09.12.2012

Friendship

This weekend I spontanously decided to visit my parents and somehow, I ended up going through my 'friends-cupboard' again. My very own 'friends-cupboard' is the place where I store all the letters, messages and gifts I've received from my friends over the past ten years or so. It's a very extensive collection, and all the more precious to me.

I always say I'm unfortunate in a sense when it comes to friendship because my family used to move too often and I didn't have the time to get really close to anybody. I mean, friendship - just as any kind of relationship between people - needs time to develop, deepen and stabilize. Even afterwards, it needs to be cultivated, and distance makes that task harder than it already is.

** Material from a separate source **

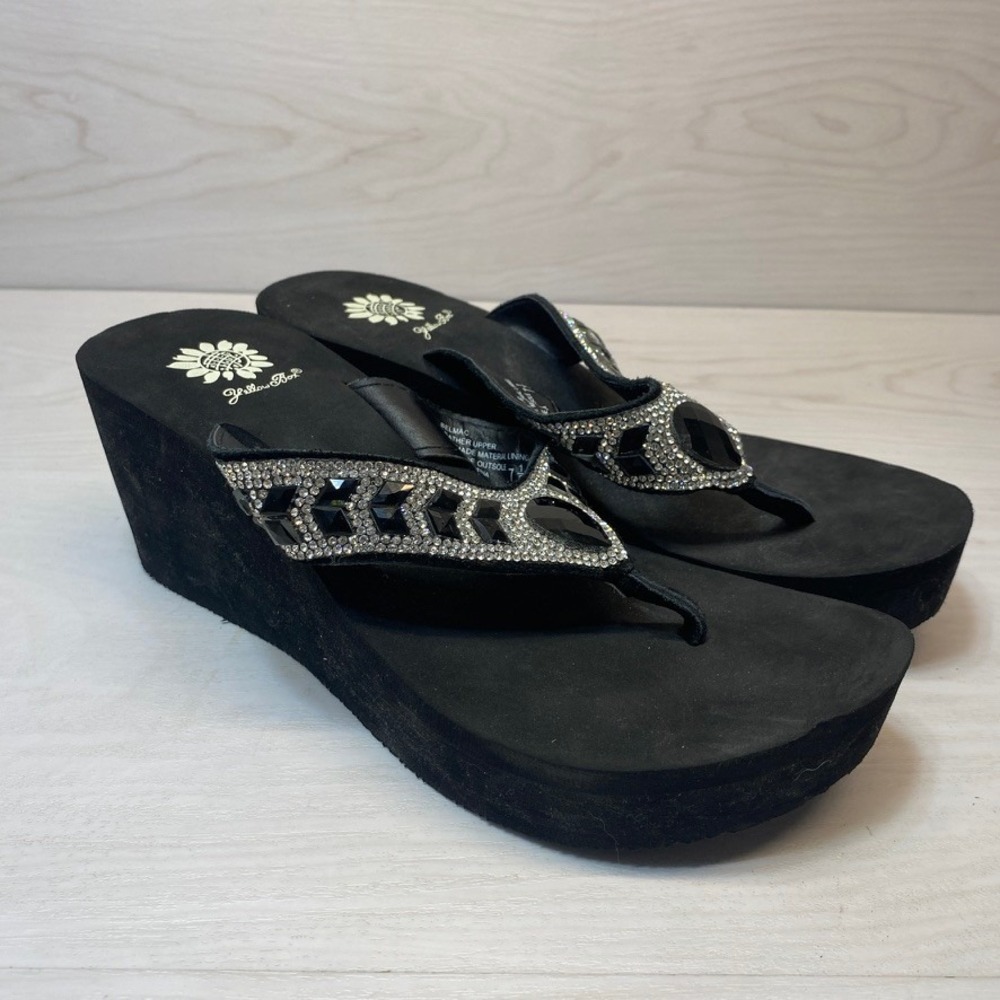Yellow‎ Box Womens 7.5 Platform Flip Flops Belmac Wedge Rhinestone Black Sparkle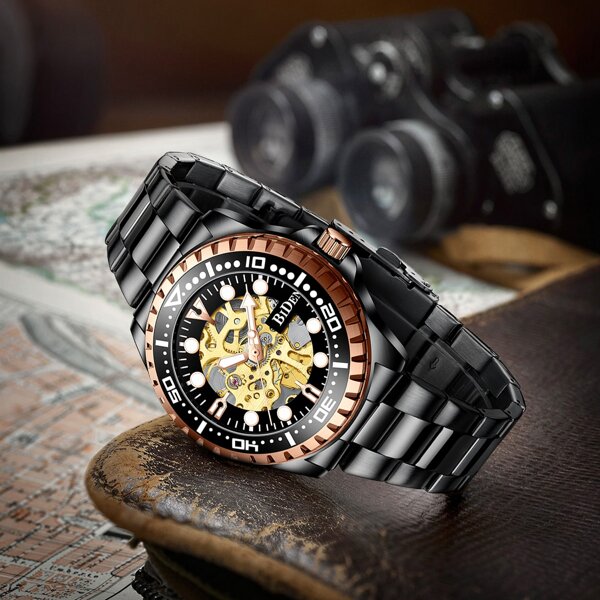 

Men Skeleton Dial Mechanical Watch With Strap Remover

Still, I guess I am indeed quite lucky. Friends who had entered my life, even if we've grown apart, did a whole lot in making me happy for a certain period of time. I mean, every time I look at the letters they've sent me, most of them being 'confessions' about how much I actually meant to them when I was just about to leave, makes me realize I must have done something right in my life to have people appreciate me like that. I guess it's just fair, since the feeling happened to be mutual almost all the time.

I used to be so very damn proud that I had a, literally translated from Vietnamese, bottomless heart. It was like I had an endless bunch of feelings that I could give to just about everyone. I don't know how I managed it back then, doing so many things for so many people, caring, listening, sharing, just being there for every single one of my friends. (Maybe that's what drained me, explaining my attitude now...)

Friends like Miu, Piggy, Na and sisters like c Baz, c Bee, c Nhim mark a very special episode of my life. I think I experienced the happiest time of my life at that time. I like to call it my "Y360-phase". It makes me feel all warm and fuzzy remembering how it was so easy to miss them, to tell them how much they mean to me, to understand that they trust me with almost everything, and to know that all those things, they were mutual.

I remember all the promises we'd made, also their fears of me forgetting them once I left (Weird, right? People would think I should be the one to worry more), and how I reassured them that it would never happen.

I don't know how they feel about it, but to me, I meant every word I said. Even though we might not be as close anymore and we don't have time to talk often, the truth is they are still very special people to me. Back then, I'd be there in a heartbeat if they needed me. Right now, I would still do the same. The feeling of appreciation and love I have for them might be buried under tons of other stuff I'm busy with, but when it comes down to it, those feelings will come to surface again in all their glory. Because all this time, they have been here somewhere in my heart, my feelings unscathed, and they probably will stay there for a very very long time.

I may have built a lot of thick walls around me as of now, but it's not impossible to get inside. And once you're inside, you really are inside, you'll have that little space of yours in my heart and you'll stay there, quite persistently.

I know I'm cheesy as crap but what's true is true, and sometimes needs to be said. =)

1 Kommentar:

  1. Honestly this is not one tenth of the overwhelming feelings I felt after rereading all letters and messages... But my free time is so limited nowadays, it's really frustrating.

    I need to sit down sometime and do a real entry about Friendship. There is just SO much I would want to say.